La Hâvle Vela Kuvvete İlla Billâhil Aliyil Aziym.

Ey insanlar, bütün insanlar, bütün milletler, o doğayı araştırmaları bırakın. Yüzünüzü bu doğayı, bu gezegeni, bu uzayı yaratana çevirin. Onun kim olduğuna bakın. İlahi kitaplara göre anlarsınız. Aklınızı, zihniyetinizi kullanırsanız size yavaş yavaş açılış gelir. Pekçok defa selefi ulemalara hitap ettiğim için üzgünüm. Siz nasıl ulemalarsınız? İnsanlara hakikatleri öğretmiyorsanız nasıl biz ulemalarız dersiniz? Söylediklerinizle insanların kalplerini mutmain edin. Yavaş yavaş ilahi makamlara ulaşsınlar. Büyük patlama hakkında konuşmayın. Üniversitelerde bu kâinatın başını öğretirsiniz. Ve sonunda gelirsiniz ve böyle büyük kâinatın başını ve sonunu kabiliyetimizle anlamayız. Ve sonunda bu sarhoş ve cahilleri getirirler. Bu âlemin başlangıcı bir atomdan başlamıştır derler. Ve Arabistan’da üniversitelerinde bunu öğretirler. Selefi ulemaları reddetmezler. Asla bu batıldır, bu yanlıştır, bu hayaldir hakiki değildir demezler. Ama kitaplarında talebelere öğretirler. Eğer üniversitelere ilahi kitaplar getirirseniz, biz insanlar bu kitapların öğretilmesini kabul etmeyiz derler.

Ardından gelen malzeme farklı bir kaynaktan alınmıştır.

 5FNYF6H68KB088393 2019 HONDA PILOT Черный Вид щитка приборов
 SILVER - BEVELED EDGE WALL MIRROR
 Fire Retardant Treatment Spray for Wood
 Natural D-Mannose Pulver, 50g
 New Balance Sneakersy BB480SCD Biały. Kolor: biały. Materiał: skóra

Evet, neden söylemezsiniz? Nerde sizin لمنكر عن النهي و بالمعروف الأمر ا İyiliği emretmek ve kötülükten men etmezsiniz? Neden programınızın ne olduğunu gidip öğretmezsiniz? Hayır ama “Esselamun Aleyküm Ya Rasulullah” dersen onlara büyük şirktir demeleri kolay geliyor. Yüzünüzü mübarek kabre çevirirsen “Bu şirktir” derler. Karıncalar onlara güler. Tam akıl sahibi insan değil diye karıncalar onları lanetler. Çünkü bir gece vardır. Her haftada bir gece. Bu gece nedir? Cuma gecesi. Bir saat vardır ki bütün varlıklar, karıncalar bile başlarını Arş’a, Âlemlerin Rabbinin Arş’ına kaldırırlar. Ama bunu insanlar yapmazlar. Neden insanlara öğretmezsiniz? Bu gizli bir ilimdir. Bu insan konuşuyor demeyin, hayır. Ben birşey bilmem ama bana geleni konuşmalıyım.

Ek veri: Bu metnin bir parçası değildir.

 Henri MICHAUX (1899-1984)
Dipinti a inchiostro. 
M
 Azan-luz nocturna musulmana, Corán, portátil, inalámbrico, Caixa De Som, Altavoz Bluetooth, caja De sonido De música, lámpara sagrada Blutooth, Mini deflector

Bütün varlıklar başlarını Arş’a kaldırırlar. Ve biz bu kirli hayatla savaşıyoruz. İnsanoğlunun hepsi suçludur. Cenâb-ı Allah bizi en şanlının hürmetine affeylesin. Yeterlidir, bu bir okyanustur. Bunu bu günün, bu senenin, dünyanın sonuna kadar bitiremeyiz. Gelir, bu ilahi ilimdir. Çok çok az gelir. O az olan açılırsa gark olur, boğuluruz.

Uyuyor musun? Ondan İngilizce mi öğrendin? Maşallah. Cenâb-ı Allah bizi affeylesin. Esselamun Aleyküm. Fatiha.